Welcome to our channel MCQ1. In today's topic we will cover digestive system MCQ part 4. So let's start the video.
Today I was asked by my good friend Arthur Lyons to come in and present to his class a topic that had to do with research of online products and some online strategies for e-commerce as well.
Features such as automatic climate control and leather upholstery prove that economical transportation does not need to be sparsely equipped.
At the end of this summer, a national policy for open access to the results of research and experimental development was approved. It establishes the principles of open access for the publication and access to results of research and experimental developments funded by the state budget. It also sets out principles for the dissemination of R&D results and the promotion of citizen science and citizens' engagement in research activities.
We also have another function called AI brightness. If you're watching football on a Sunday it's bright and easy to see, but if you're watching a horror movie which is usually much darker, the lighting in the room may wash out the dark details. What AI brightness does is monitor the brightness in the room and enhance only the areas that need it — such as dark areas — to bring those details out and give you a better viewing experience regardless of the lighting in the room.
━━━━━━━━━━━━━━━━━━━━
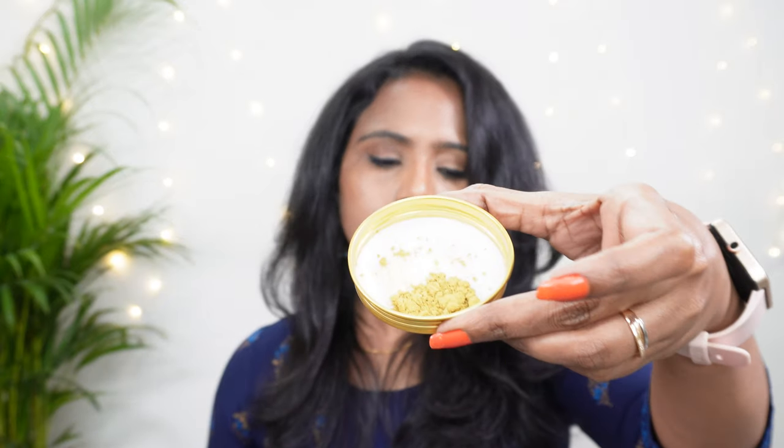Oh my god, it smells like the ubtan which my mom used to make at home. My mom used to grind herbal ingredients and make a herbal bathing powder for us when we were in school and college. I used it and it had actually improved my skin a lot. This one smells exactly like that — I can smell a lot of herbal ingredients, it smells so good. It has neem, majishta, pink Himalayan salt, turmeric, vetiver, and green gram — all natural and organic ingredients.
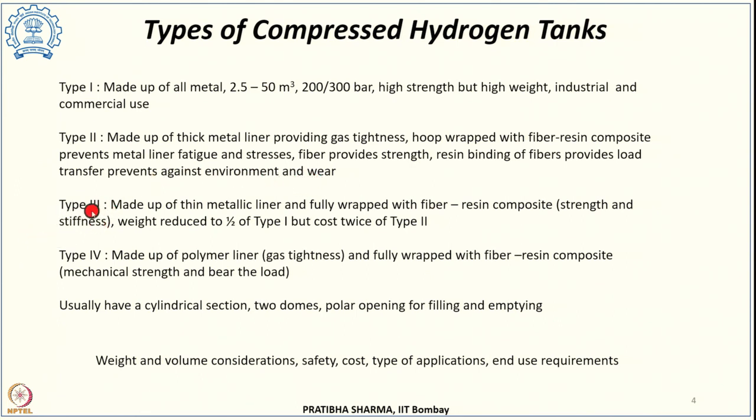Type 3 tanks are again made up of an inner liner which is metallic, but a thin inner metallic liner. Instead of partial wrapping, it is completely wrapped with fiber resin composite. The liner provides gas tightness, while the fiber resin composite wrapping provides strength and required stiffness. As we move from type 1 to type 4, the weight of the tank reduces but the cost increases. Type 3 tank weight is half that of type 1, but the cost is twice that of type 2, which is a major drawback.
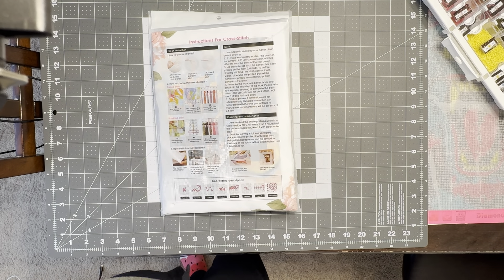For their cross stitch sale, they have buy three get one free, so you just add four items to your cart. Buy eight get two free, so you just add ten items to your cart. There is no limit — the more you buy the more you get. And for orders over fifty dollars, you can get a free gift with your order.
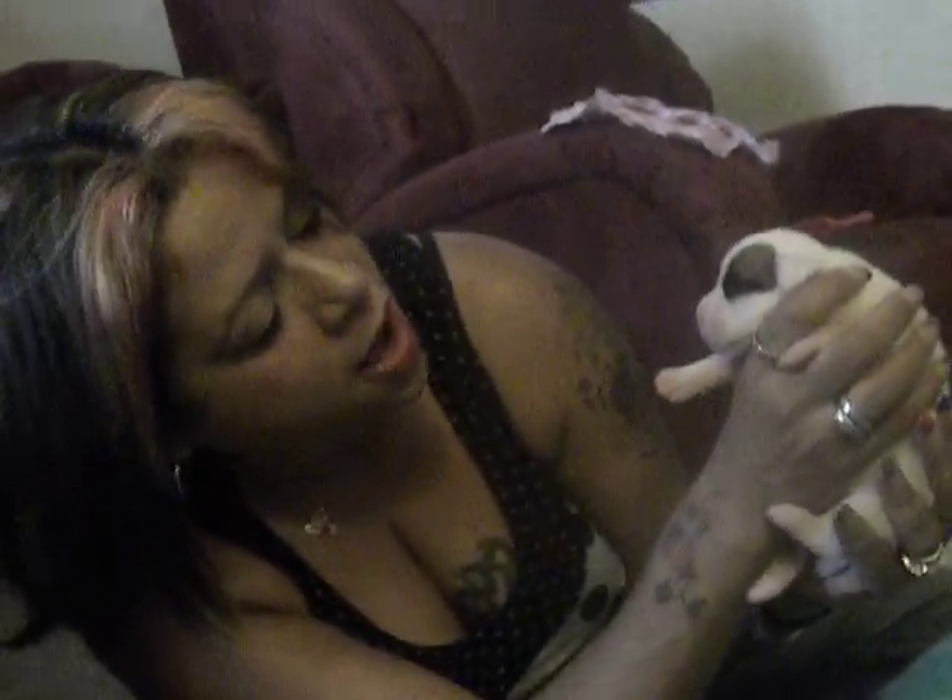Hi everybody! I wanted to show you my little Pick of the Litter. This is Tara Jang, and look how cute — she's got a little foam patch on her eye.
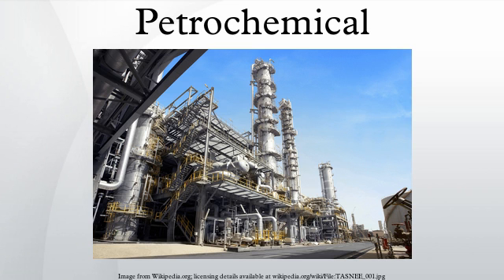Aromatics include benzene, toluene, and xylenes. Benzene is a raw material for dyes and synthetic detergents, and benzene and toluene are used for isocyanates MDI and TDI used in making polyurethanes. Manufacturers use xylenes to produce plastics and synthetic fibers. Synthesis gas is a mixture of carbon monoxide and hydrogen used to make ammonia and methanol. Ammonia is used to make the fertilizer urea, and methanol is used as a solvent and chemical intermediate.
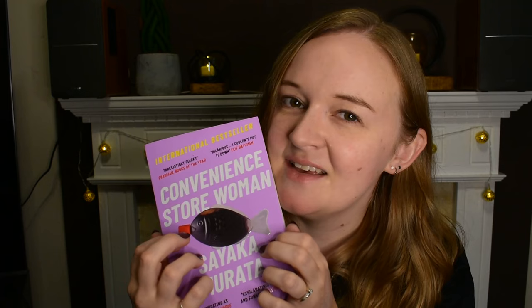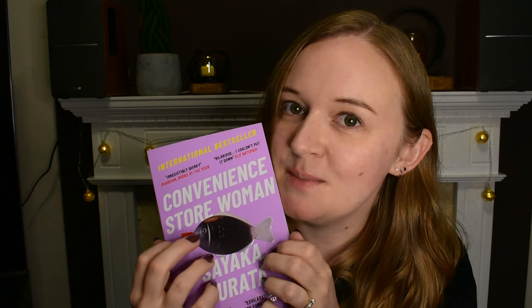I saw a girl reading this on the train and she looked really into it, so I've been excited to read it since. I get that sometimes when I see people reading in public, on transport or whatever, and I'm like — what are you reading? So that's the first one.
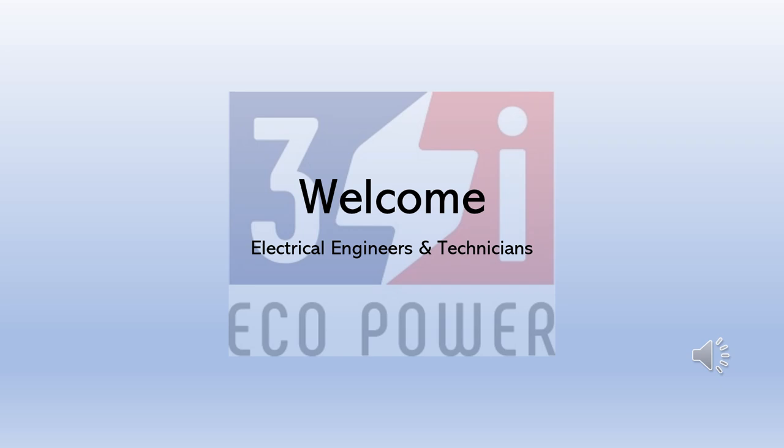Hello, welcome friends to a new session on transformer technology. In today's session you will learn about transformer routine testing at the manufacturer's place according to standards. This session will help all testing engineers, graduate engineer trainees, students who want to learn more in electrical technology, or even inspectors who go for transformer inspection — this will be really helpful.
━━━━━━━━━━━━━━━━━━━━
--- TASK STATEMENT ---
Retype, exactly and in full, the lines above from the one containing "Welcome to our" through the one containing "Today I was".

--- SOLUTION ---
Welcome to our channel MCQ1. In today's topic we will cover digestive system MCQ part 4. So let's start the video.
Today I was asked by my good friend Arthur Lyons to come in and present to his class a topic that had to do with research of online products and some online strategies for e-commerce as well.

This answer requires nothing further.